Triplett Expected to Miss at Least One Month of BFTS

PUEBLO, Colo. – Last year was a major building block season for Matt Triplett and the 24-year-old learned many lessons during his fourth year on the Built Ford Tough Series.

One of the biggest lessons Triplett learned was to not let his ego or personal pride get in the way of the healing process necessary for certain injuries.

After admittedly returning too fast from a torn left MCL in April, Triplett has decided to take the necessary extra precautions this offseason as he recovers from right elbow surgery on his riding arm.

Sunday was Triplett’s one-month anniversary after having two torn ligaments repaired by elbow specialist Dr. John Conway of Orthopedic Specialty Associates in Fort Worth, Texas, on Nov. 6.

According to Orthopedic Specialty Associates, Conway spent 15 years as a physician for the Texas Rangers and currently works with various professional athletes.

Conway also cleaned up some bone spurs that developed in Triplett’s elbow during the surgery.

“I did have to go get surgery on my elbow,” Triplett said. “It has been a little over a month now. I can’t put weight on it yet, but I am going to yoga and getting the stretches in and going to therapy. It is healing faster than I thought it would.”

Triplett sustained the injury during the fifth round of the 2015 Built Ford Tough World Finals attempting to ride Calypso.

“It was a pain I never felt before,” Triplett said. “I couldn’t even really move my elbow. I figured something was really wrong.”

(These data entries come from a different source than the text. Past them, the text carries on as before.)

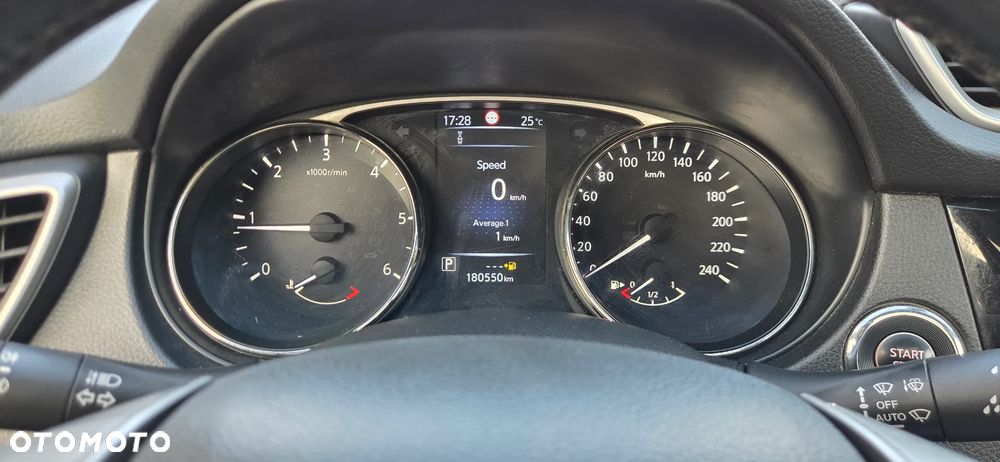 Nissan X-Trail - 11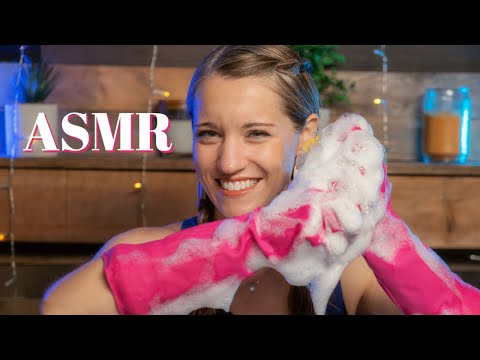 💭 These Foamy Kitchen Gloves Make the Best Squeaky Rubber 🧼 ASMR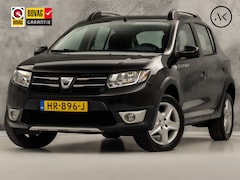 Dacia Sandero Stepway - 0.9 TCe Lauréate (NAVIGATIE, AIRCO, LM VELGEN, SPORTSTOELEN, PARKEERSENSOREN, NIEUWSTAAT)
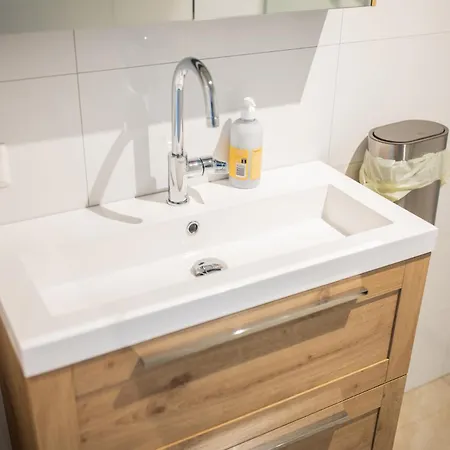Breathtaking 3 Bedroom Pk6b Apartment *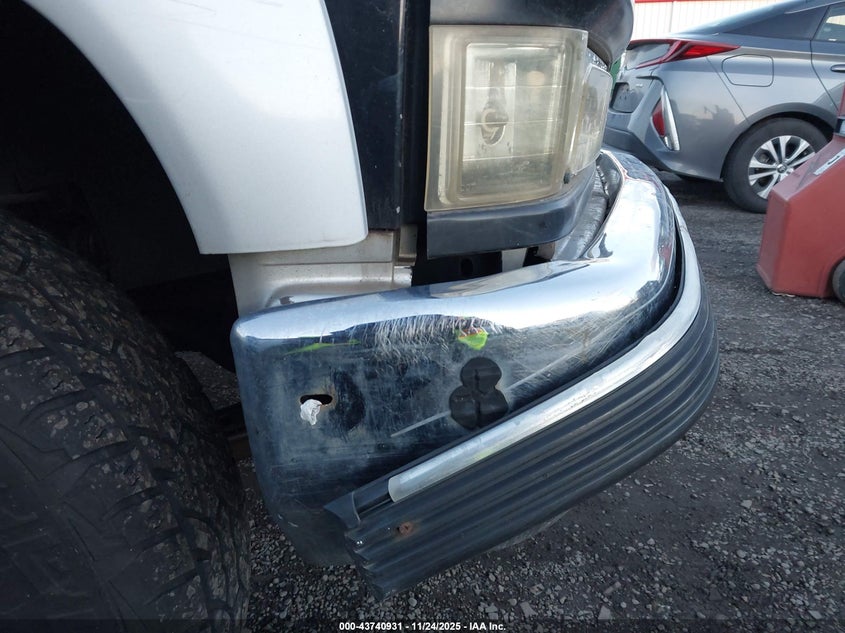 1995 Chevrolet Suburban K1500 VIN: 1GNFK16K3SJ394343 Lot: 43740931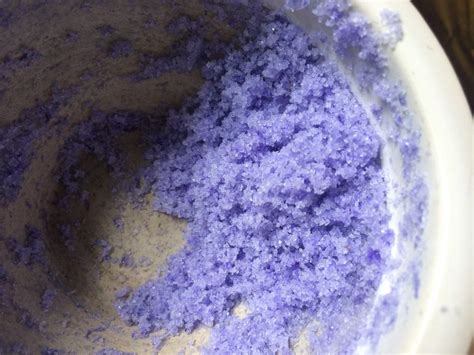 Colored salts. Uses and how to make them. | Pagans & Witches Amino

Triplett has been rehabbing the elbow injury at Green Oaks Physical Therapy in Mansfield, Texas, and part of his rehab involves laser therapy on his ligaments.

So far, he believes he is ahead of schedule and is eyeing a return to the Built Ford Tough Series as possibly as early as the end of January.

However, he also may take an extra couple of weeks, if necessary, to truly make sure he is ready to compete at the PBR’s highest level.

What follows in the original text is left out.